Under this line sits a listing. Repeat exactly and only its lines from the one holding "1860 White Oak Drive 242, Houston, TX 77009" through the one holding "Pangeran Jawa, Arya"; skip pictures.

(Beginning of Data supplied)

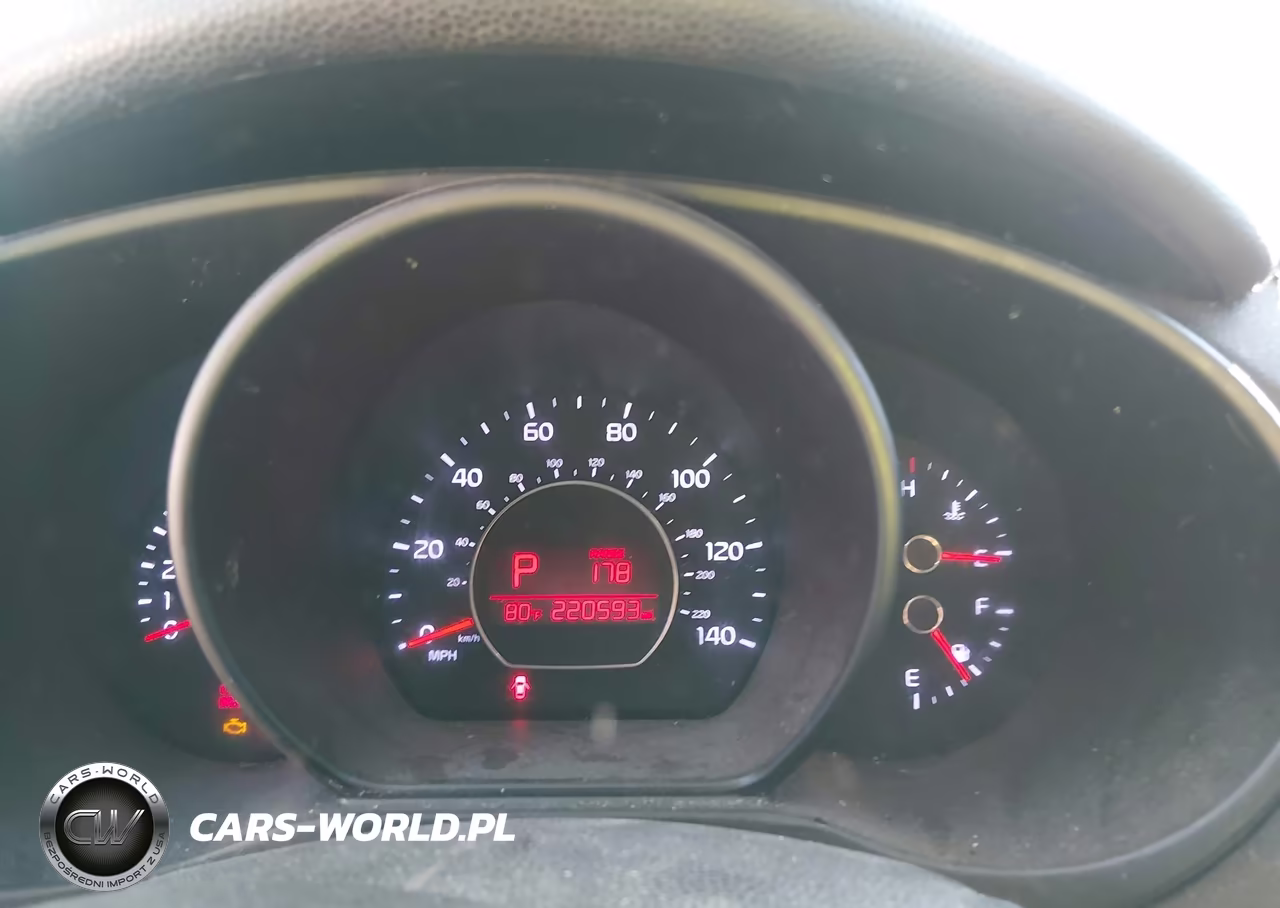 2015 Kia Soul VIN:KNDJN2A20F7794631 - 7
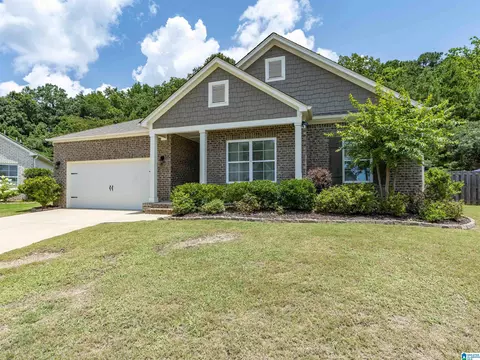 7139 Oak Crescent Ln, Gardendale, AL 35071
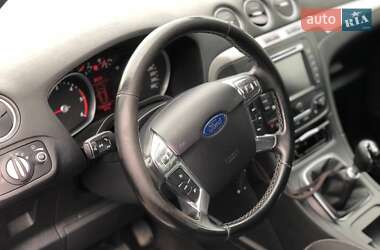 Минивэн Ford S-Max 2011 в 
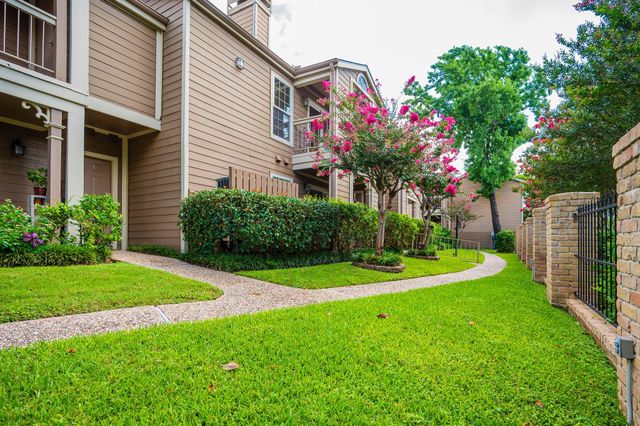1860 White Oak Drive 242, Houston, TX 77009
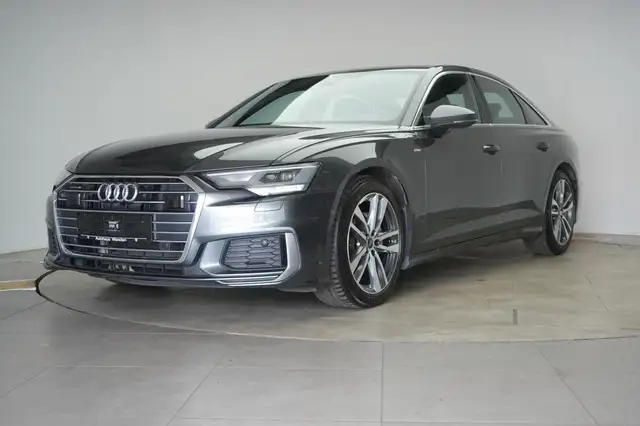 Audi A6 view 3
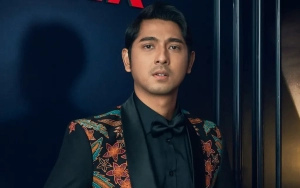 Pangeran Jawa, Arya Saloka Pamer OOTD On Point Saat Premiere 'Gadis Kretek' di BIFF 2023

(End of Data supplied)
(Beginning of Data supplied)

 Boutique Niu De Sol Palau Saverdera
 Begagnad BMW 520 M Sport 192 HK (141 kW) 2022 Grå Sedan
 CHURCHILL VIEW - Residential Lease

(End of Data supplied)

◆ **Exercise solution**
1860 White Oak Drive 242, Houston, TX 77009
 Audi A6 view 3
 Pangeran Jawa, Arya Saloka Pamer OOTD On Point Saat Premiere 'Gadis Kretek' di BIFF 2023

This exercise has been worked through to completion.